A quattordici anni Venturino si fece domenicano nel Convento di S. Stefano in Bergamo; ma terminò gli studi a Genova, vi fu ordinato sacerdote e fu eletto maestro dei novizi. Si iscrisse, poi, alla Società dei frati peregrinanti, istituita dall'Ordine domenicano per le missioni di Oriente. Arrivato a Venezia per imbarcarsi fu, invece, mandato nel convento di Chioggia, poi in quelli di Vicenza, e di Bologna, già imponendosi quale eccellente oratore, costretto non raramente a predicare all'aperto per l'angustia delle chiese in rapporto allo straripante uditorio.

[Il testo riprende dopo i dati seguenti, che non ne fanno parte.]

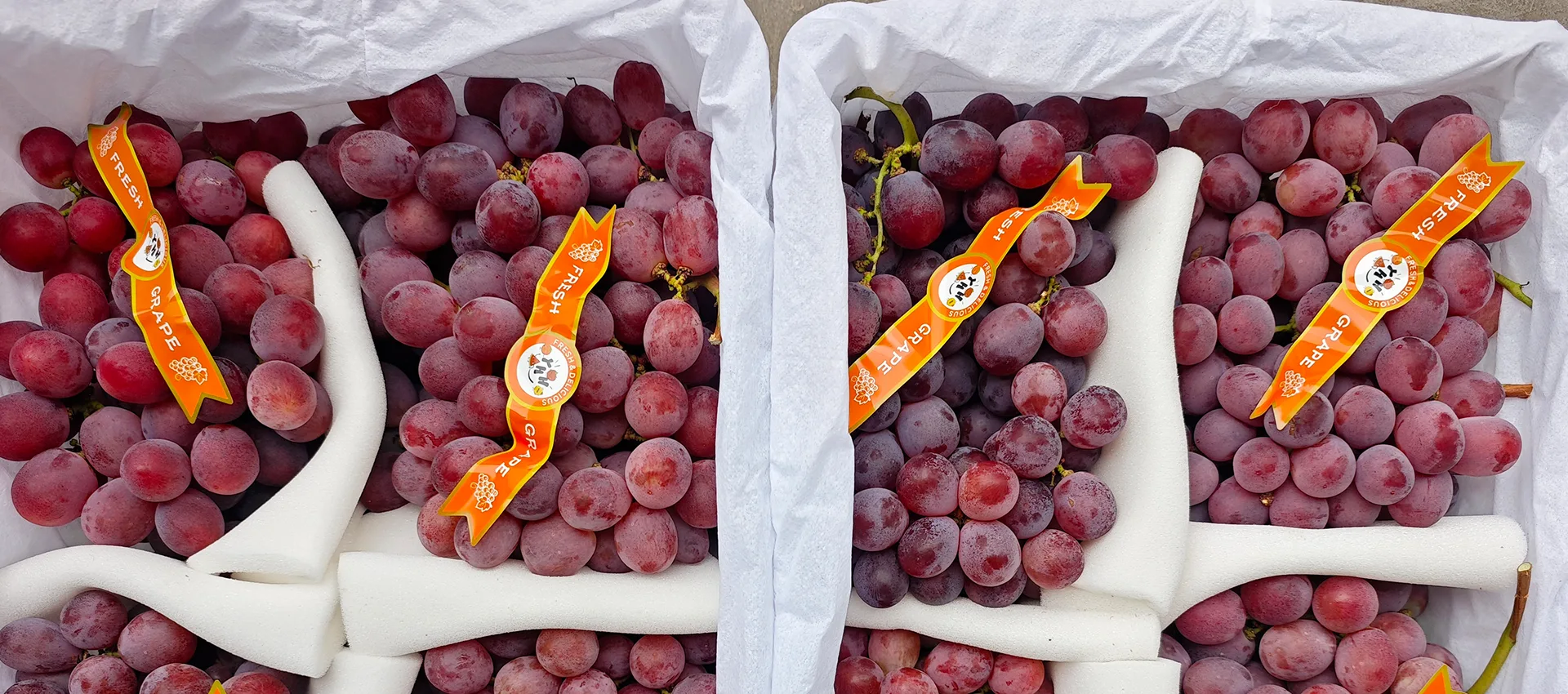 China Premium Fresh Grapes တင်သွင်းသူ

In Bologna, prima del 1334, predicò il culto a s. Marta e riuscì a farvi costruire un convento e una chiesa a lei dedicati; nel 1334 predicò in Bergamo dal 21 settembre al 30 novembre e vi fece edificare un monastero e una chiesa per le domenicane, pure dedicati a s. Marta (oggi, ne rimane solo il fabbricato, restaurato nel 1936): le monache ne presero possesso il 29 luglio del 1340 (anche una sorella di Venturino, soror Catalina de Apibus de Lemine, si fece monaca in S. Marta).
Nel 1335 organizzò un pellegrinaggio di penitenza da Bergamo a Roma, con l'intento di facilitare la conversione dei peccatori alla penitenza, di indurre guelfi e ghibellini alla pacificazione e di riconciliare col papa i numerosi scomunicati bergamaschi.

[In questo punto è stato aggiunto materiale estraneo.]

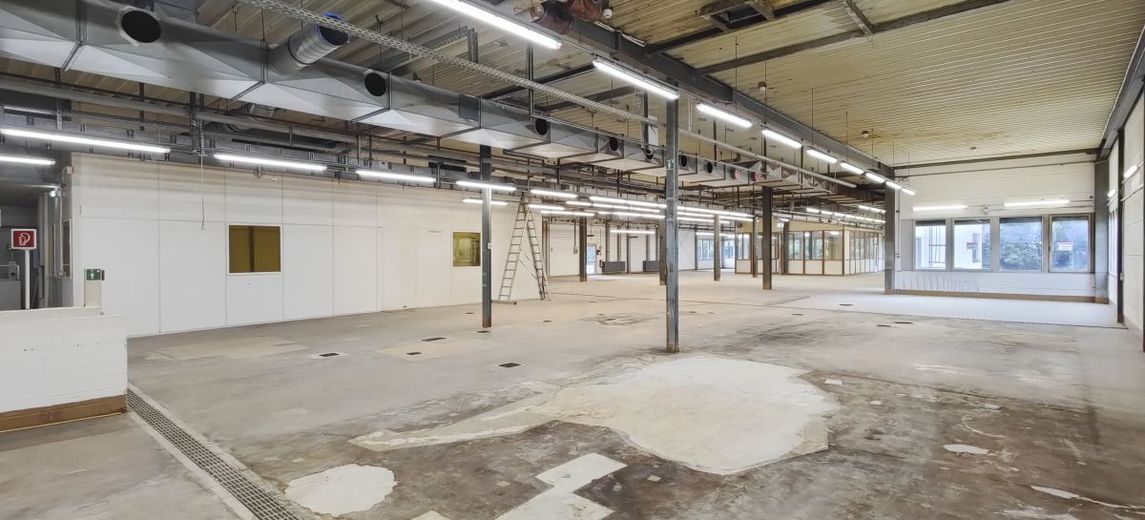 OG_Produktionsflächen_Blick_14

La partenza avvenne il 5 febbraio 1335: la numerosa «processione» che lo seguì, fece sosta anche in Firenze (lo stesso Giovanni Villani ne testimonia).
Giunto a Roma, vi dimorò e vi predicò per dodici giorni (per es. a S. Maria della Minerva e al Campidoglio). Ne partì, poi, coi fratello Jacopo Domenico, per presentarsi in Avignone al papa, Benedetto XII, il quale forse diffidò (come parve diffidare, in seguito, anche Clemente VI) del temperamento entusiasta (facile a essere ritenuto utopistico) di Venturino e delle sue apparenze di agitatore. Ne seguì un interrogatorio nel quale gli furon fatte trentanove domande; poi la sospensione (il De Peregrinis dice che ciò avvenne Diaboli persuasione) dalla facoltà di predicare e di confessare e l'esilio a Aubenas in Francia (v. Lettera di Benedetto XII al vesc. di Anagni relativa al pellegrinaggio di Venturino, in Archivio Segreto Vaticano, Epistolae Secretae, ar. I, Reg. 130, n. 142, f. 29).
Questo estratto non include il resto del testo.